Even if the appeal of sitting amongst a crowd of angry, drunk men and shouting at some people who are too far away to hear you isn't immediately obvious, it's hard not to be swept up with the excitement and energy of the 35,000 strong crowd that lines Hong Kong Stadium on Rugby 7's weekend.

The costumes were generally more surprising than the results on Saturday, with the big exception being our home team Hong Kongs' win against Wales. Hong Kong defeated Wales with a score of 19 - 21, and went on to secure the Sheild for the first time ever after beating Korea and Italy, much to the delight of the crowd - the boo's boomed across the stadium each time Italy scored, and the enormous cheers were surprising, suggesting a sense of patriotism that Hong Kong is often accused of lacking.
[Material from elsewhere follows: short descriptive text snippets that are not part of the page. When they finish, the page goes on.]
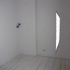 20120517161108-xav6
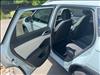 2025 Volkswagen Taos SE 4Motion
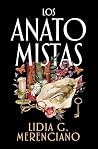 Los anatomistas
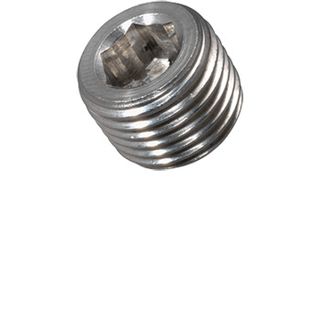 BN-10822 Verschlussschrauben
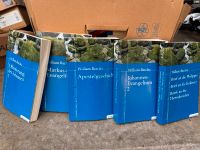 Zu verschenken!!! Theologiebücher (größtenteils evangelisch) Nordrhein-Westfalen - Meerbusch Vorschau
A definite star of the show was the talented Keith Robertson for Hong Kong, whose energy and speed thrilled the crowd down to the last minute when Russia made a last attempt to catch up, eventually falling two points short as the ball went out and the game ended.
Kurt Baker of the All Blacks was thrilling to watch, leading the New Zealand team in scoring 4 tries in their semi-final win over Fiji, and 2 tries in their Cup finals loss to Samoa.

On a more personally disappointing note, Canada surged forward against Wales, who seemed to loose heart as Canada took three converted tries in the first four minutes. Wales finished as runner up for the Bowl, and had to be hurried up publicly over the loud-speaker ('Wales, we're waiting for you') after the game. We were waiting for you too - where the hell were you guys?! I felt like the lone Welsh-girl amongst a sea of Canadians, and I even heard a girl near to me say "Wales? I didn't know Wales was big enough to have a team", before clamping her hand over her mouth as I shot her a frosty glance.

So although the Rugby 7's are often associated with hordes of drunken, pink-wigged tourist vomiting 7 pitchers worth of pimms across our streets, there is thankfully much more to the weekend than this. The Rugby 7's is possibly the biggest sporting event on Hong Kong's calendar, and it draws a crowd from all over the world - the universal camaraderie, the mexican waves, and even the streakers (especially the guy who managed to climb the post, and then elude the security staff with impeccable comic timing) provide a not unwelcome interlude between the short, sharp and spectacular games of what Bill McLaren deems "the Olympic games of Rugby Union".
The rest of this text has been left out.